Colin alargó la mano y la retuvo, asiéndola del brazo.

—Perdóname —dijo—. Soy un hombre siniestro, que se destruye a sí mismo, que duda de su felicidad. Un hombre imperdonable. —Sonrió tristemente, suplicante—. Sólo te pido una cosa: no le hables a Willie de mí.

—No lo haré.

Ella le había perdonado ya, y estaba frente a él, muy cerca. Él la besó ligeramente. El sistema de altavoces anunciaba el vuelo por última vez.

—Nos veremos en Nueva York dentro de dos semanas —dijo Colin—. No disfrutes de la ciudad hasta que llegue yo.

—No temas —dijo ella.

Le rozó la mejilla con los labios y él dio media vuelta y se alejó bruscamente, caminando de una manera que hacía reír a Gretchen interiormente, como si se dispusiera a entablar un combate peligroso del que estuviera resuelto a salir vencedor.

Le observó un instante, y cruzó la puerta.

A pesar de la «Dramamina», Billy vomitó cuando faltaba poco para aterrizar en Idlewild. Lo hizo pulcramente, y como excusándose, en la bolsa dispuesta al efecto; pero el sudor mojó su frente y fuertes convulsiones sacudieron sus hombros. Gretchen le dio unas palmadas en el cogote, apurada, sabiendo que no era nada grave, pero vejada, al propio tiempo, ante su imposibilidad de evitar un sufrimiento a su hijo. Los absurdos de las madres.

Cuando hubo acabado de vomitar, Billy cerró cuidadosamente la bolsa y se dirigió al lavabo para tirarla y enjuagarse la boca. Cuando volvió, aún estaba muy pálido. Se había enjugado el sudor de la cara y parecía sereno; pero, al sentarse junto a Gretchen, dijo amargamente:

—¡Dios mío, qué niño soy!

Willie se encontraba entre el grupo de personas que esperaban a los pasajeros del avión de Los Ángeles, y llevaba gafas de sol. El día estaba gris y húmedo, e incluso antes de acercarse lo bastante para poder decirle «hola», Gretchen comprendió que había bebido la noche anterior y que las gafas de sol no tenían más objeto que disimular, ante ellos, la congestión de sus ojos. Al menos una noche, antes de recibir a un hijo que no veía desde hacía meses, podía haberse mantenido sereno, pensó. Pero dominó su irritación. Los padres divorciados debían mostrarse amistosos y serenos en presencia de sus retoños. Necesaria hipocresía del amor dividido.

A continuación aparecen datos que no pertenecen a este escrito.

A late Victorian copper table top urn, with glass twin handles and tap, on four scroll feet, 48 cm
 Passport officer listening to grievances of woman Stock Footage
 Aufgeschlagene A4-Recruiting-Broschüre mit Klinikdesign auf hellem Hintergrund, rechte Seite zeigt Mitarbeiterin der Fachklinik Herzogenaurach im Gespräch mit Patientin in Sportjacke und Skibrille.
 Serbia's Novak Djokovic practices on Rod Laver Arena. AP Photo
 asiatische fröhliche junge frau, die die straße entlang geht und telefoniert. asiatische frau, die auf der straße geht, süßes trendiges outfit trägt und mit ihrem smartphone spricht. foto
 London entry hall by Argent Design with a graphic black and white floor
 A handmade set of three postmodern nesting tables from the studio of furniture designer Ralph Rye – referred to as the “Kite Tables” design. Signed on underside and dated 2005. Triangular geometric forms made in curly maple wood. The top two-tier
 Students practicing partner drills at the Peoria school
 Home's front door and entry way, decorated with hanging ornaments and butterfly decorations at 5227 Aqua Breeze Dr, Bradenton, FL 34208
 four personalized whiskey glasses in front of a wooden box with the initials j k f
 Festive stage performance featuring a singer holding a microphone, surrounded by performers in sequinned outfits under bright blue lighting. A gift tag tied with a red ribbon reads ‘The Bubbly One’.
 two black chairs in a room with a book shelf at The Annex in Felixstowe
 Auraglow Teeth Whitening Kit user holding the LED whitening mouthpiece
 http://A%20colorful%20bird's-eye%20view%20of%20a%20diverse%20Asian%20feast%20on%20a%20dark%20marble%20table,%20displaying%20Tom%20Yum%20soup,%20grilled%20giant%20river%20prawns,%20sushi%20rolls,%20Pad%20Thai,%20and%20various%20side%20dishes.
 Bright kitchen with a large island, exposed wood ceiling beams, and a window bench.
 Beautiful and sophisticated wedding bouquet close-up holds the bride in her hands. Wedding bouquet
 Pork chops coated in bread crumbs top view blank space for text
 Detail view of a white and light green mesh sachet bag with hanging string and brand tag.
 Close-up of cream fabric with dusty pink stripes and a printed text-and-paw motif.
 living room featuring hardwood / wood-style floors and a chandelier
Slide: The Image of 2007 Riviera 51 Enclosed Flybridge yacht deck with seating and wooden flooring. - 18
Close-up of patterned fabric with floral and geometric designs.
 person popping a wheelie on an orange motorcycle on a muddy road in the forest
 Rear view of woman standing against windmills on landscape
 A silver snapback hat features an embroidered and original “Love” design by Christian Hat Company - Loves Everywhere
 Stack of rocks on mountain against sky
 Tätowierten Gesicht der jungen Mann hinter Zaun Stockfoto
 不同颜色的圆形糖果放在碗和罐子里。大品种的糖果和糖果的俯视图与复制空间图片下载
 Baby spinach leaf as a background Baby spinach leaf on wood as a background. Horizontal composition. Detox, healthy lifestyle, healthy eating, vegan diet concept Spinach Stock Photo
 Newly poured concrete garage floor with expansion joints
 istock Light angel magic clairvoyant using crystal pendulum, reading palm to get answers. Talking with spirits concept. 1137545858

Billy vio a su padre y corrió entre las hileras de pasajeros en su dirección. Le abrazó y le besó en la mejilla. Gretchen caminó despacio, deliberadamente, para no entremeterse. El ligamen entre padre e hijo era evidente. Aunque Billy era más alto y más guapo de lo que jamás había sido su padre, se veía a las claras que llevaban la misma sangre. Y, una vez más, lamentó Gretchen que su contribución a la estructura genética del hijo no se viese por ninguna parte.

Cuando, al fin, se acercó a él, Will sonreía ampliamente (¿orgullosamente?) ante las demostraciones de afecto de su hijo. Sin soltar el hombro de Billy, Willie dijo:

—Hola, cariño.

Y avanzó para besarla en la mejilla. Dos besos parecidos, el mismo día, a uno y otro lado del continente; el de despedida, y el de llegada. Willie se había portado estupendamente en lo del divorcio y en lo de Billy, y Gretchen no podía rechazar el «cariño» ni el triste beso. No dijo nada sobre las gafas oscuras ni sobre el inconfundible olor a alcohol del aliento de Willie. Vestía de un modo serio y correcto; el traje adecuado para presentar un hijo al director de un buen colegio de Nueva Inglaterra. Procuraría impedir que bebiese cuando llevasen al chico al colegio, al día siguiente.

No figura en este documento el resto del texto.